What the task asks: Set down, please, exactly the lines below that run from the line with "One way to do" to the line with "Select the Buick", both lines included.

Available records:
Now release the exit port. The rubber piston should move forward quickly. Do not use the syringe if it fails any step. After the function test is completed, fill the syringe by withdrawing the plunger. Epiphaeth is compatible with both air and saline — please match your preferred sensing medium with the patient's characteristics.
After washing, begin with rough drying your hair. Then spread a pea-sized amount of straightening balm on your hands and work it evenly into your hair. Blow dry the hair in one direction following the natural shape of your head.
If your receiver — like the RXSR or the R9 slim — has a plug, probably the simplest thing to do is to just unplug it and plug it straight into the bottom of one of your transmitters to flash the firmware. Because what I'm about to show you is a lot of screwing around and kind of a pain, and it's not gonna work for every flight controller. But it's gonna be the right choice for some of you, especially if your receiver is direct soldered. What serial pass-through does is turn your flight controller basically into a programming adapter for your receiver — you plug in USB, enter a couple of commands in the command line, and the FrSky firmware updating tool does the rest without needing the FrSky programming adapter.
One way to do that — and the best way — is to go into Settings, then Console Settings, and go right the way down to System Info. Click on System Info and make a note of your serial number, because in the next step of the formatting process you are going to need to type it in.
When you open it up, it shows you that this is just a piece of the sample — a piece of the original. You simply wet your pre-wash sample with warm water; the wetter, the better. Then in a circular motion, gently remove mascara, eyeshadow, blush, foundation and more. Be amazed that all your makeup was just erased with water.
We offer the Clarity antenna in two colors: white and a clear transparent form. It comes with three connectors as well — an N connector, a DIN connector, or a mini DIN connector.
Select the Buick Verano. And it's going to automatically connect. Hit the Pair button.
==
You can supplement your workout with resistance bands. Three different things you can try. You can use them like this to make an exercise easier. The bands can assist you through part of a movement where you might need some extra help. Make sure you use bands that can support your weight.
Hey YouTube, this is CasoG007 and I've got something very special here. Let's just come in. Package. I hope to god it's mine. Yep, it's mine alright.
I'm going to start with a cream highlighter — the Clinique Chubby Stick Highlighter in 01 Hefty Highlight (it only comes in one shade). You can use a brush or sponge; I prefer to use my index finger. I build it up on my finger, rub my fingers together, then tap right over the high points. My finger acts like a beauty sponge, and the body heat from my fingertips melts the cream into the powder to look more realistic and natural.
---
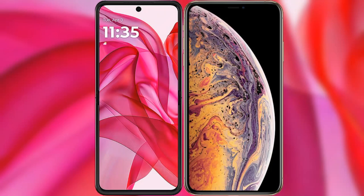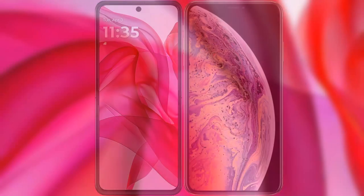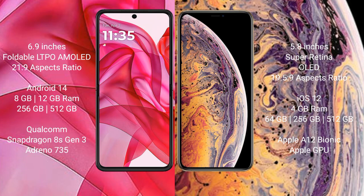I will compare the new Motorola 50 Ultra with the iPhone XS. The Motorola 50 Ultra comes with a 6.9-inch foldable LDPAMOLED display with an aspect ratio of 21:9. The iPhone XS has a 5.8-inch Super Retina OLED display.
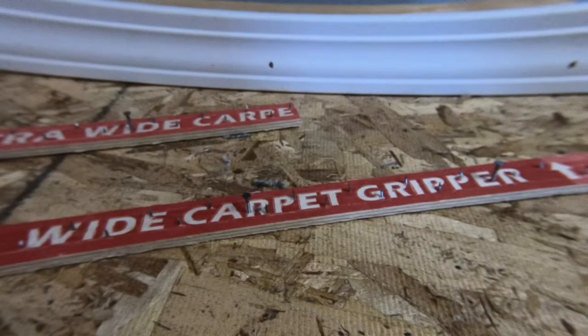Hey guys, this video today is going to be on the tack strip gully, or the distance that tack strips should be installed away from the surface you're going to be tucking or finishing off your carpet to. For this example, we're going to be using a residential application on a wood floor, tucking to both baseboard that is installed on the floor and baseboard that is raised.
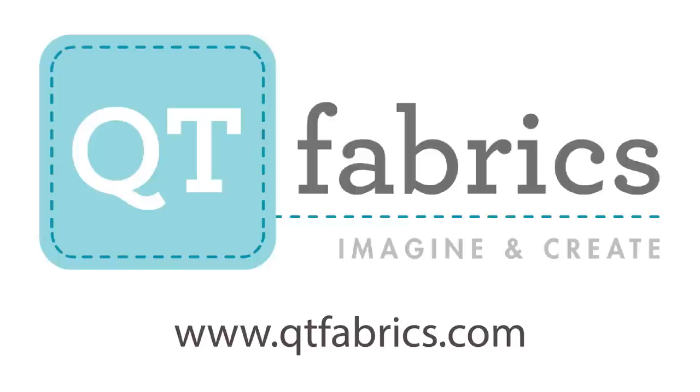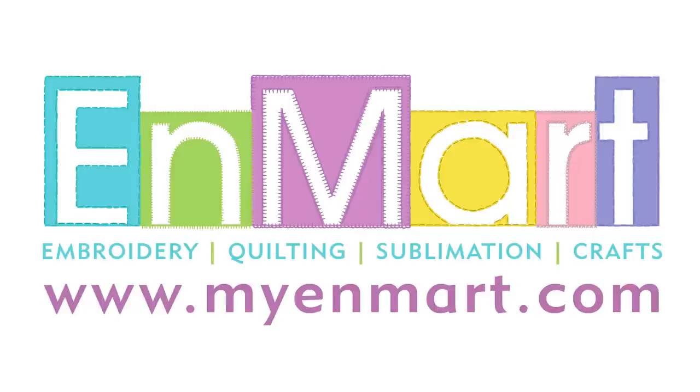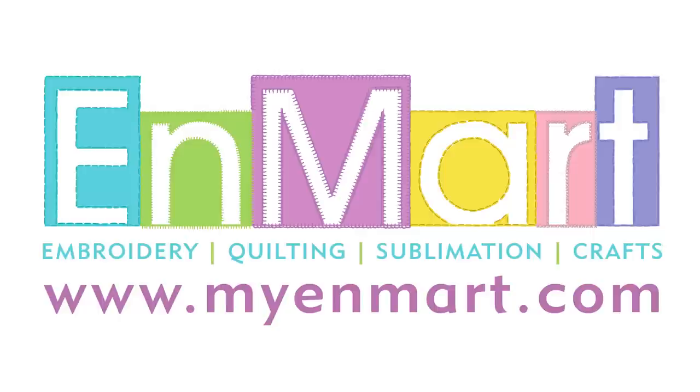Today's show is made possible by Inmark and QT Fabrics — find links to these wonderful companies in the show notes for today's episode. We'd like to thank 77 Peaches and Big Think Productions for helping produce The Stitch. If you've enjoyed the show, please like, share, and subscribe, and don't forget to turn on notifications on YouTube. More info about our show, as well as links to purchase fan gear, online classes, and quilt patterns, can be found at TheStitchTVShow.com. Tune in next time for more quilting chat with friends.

Output of the exercise:
One way to do that — and the best way — is to go into Settings, then Console Settings, and go right the way down to System Info. Click on System Info and make a note of your serial number, because in the next step of the formatting process you are going to need to type it in.
When you open it up, it shows you that this is just a piece of the sample — a piece of the original. You simply wet your pre-wash sample with warm water; the wetter, the better. Then in a circular motion, gently remove mascara, eyeshadow, blush, foundation and more. Be amazed that all your makeup was just erased with water.
We offer the Clarity antenna in two colors: white and a clear transparent form. It comes with three connectors as well — an N connector, a DIN connector, or a mini DIN connector.
Select the Buick Verano. And it's going to automatically connect. Hit the Pair button.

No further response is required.